**Work task:**
Keep the images out while you retype all of the data exactly.

**Information shown:**
---+---
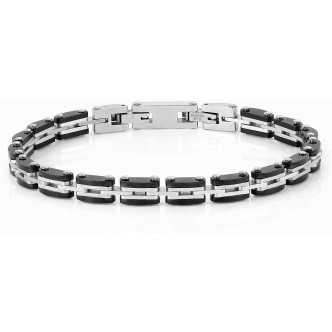 1 - Black bracelet for men Nomination strong steel 028300/004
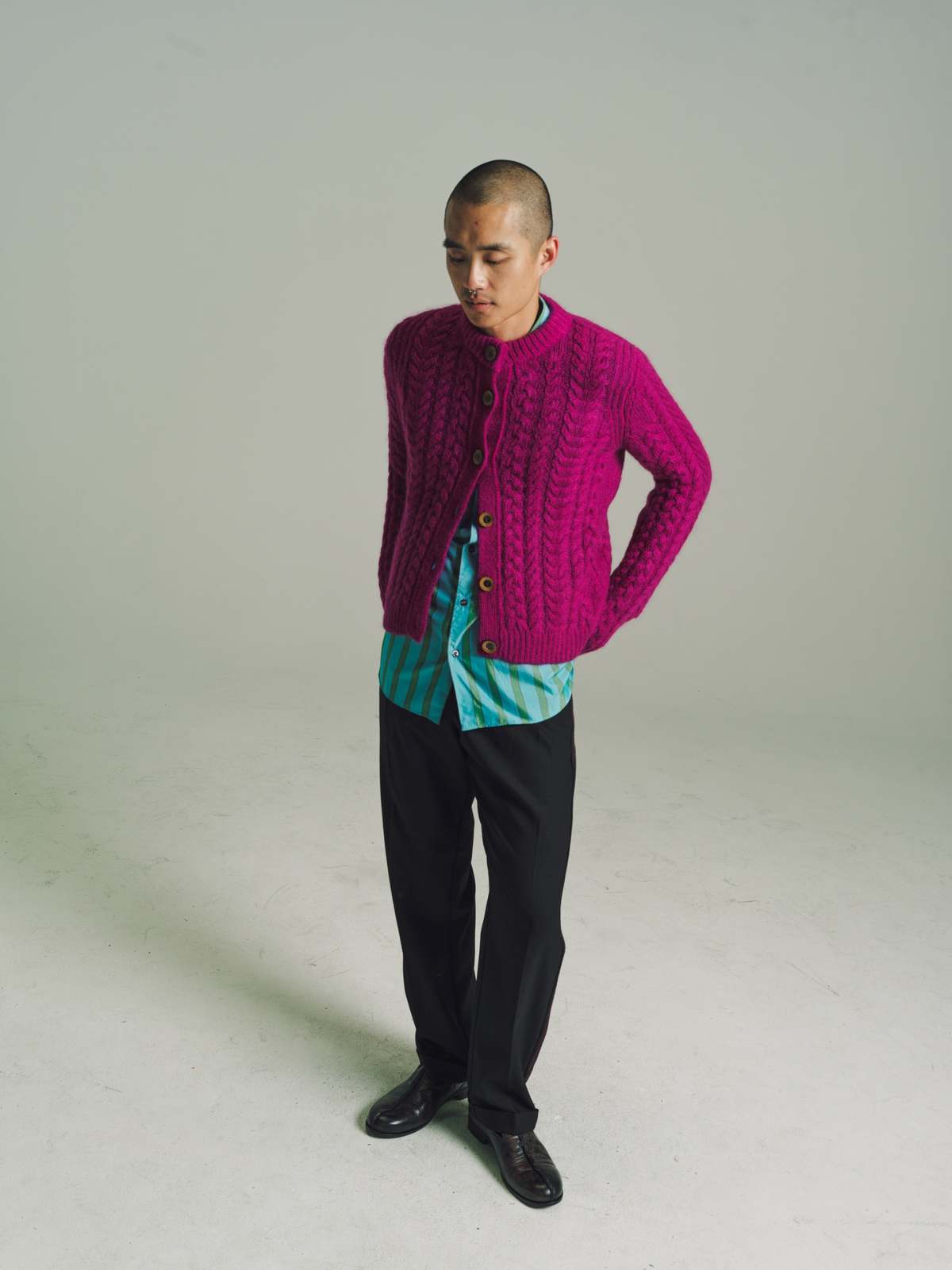 トップス wales bonner cardigan Wales Bonner Mohair Cable Knit Dawn Cardigan - Fuchsia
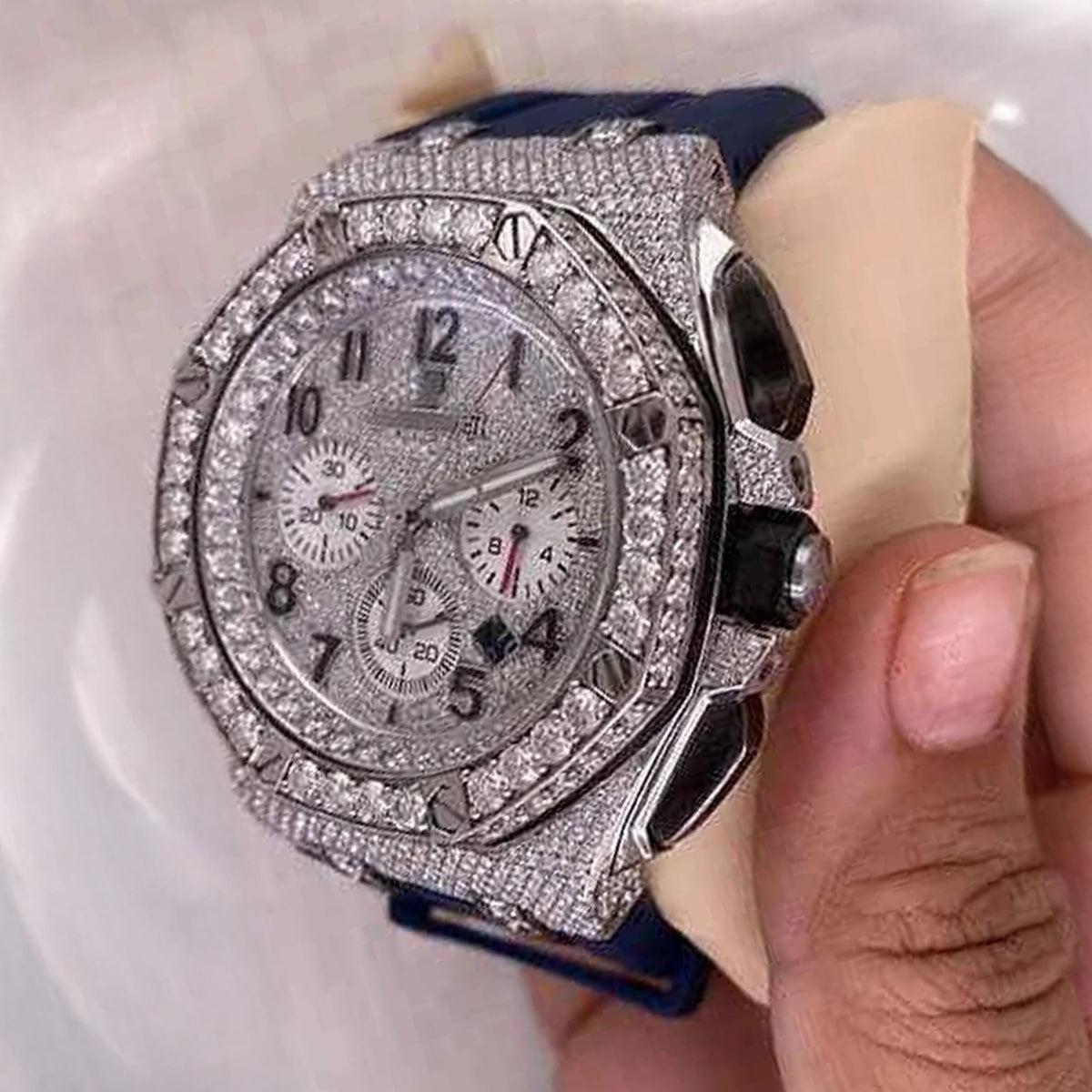 Side view of men's moissanite watches for sale
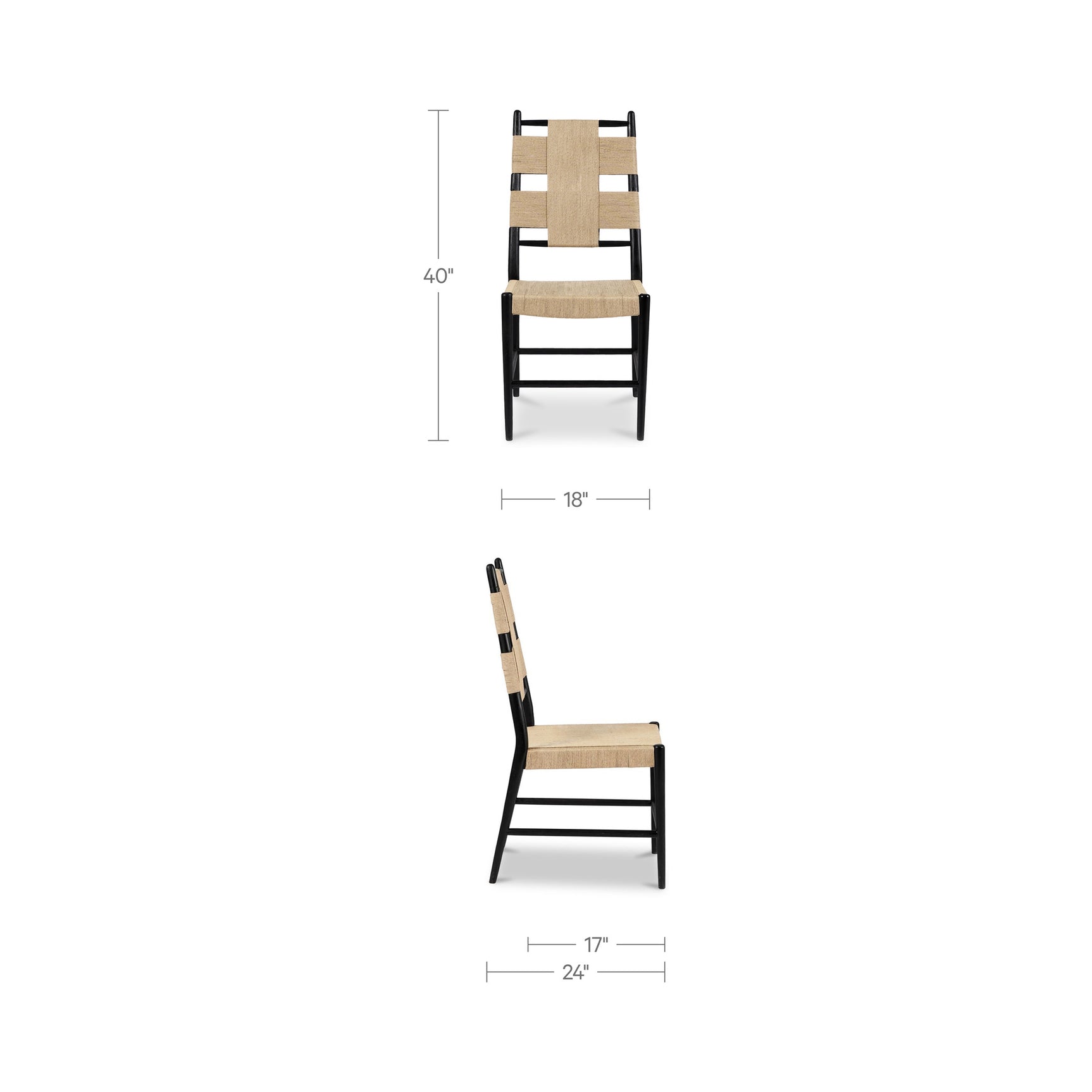 Laurel Natural/Charcoal Black Dining Chair (Set of 2)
---+---
**Reply to the exercise:**
 1 - Black bracelet for men Nomination strong steel 028300/004
 トップス wales bonner cardigan Wales Bonner Mohair Cable Knit Dawn Cardigan - Fuchsia
 Side view of men's moissanite watches for sale
 Laurel Natural/Charcoal Black Dining Chair (Set of 2)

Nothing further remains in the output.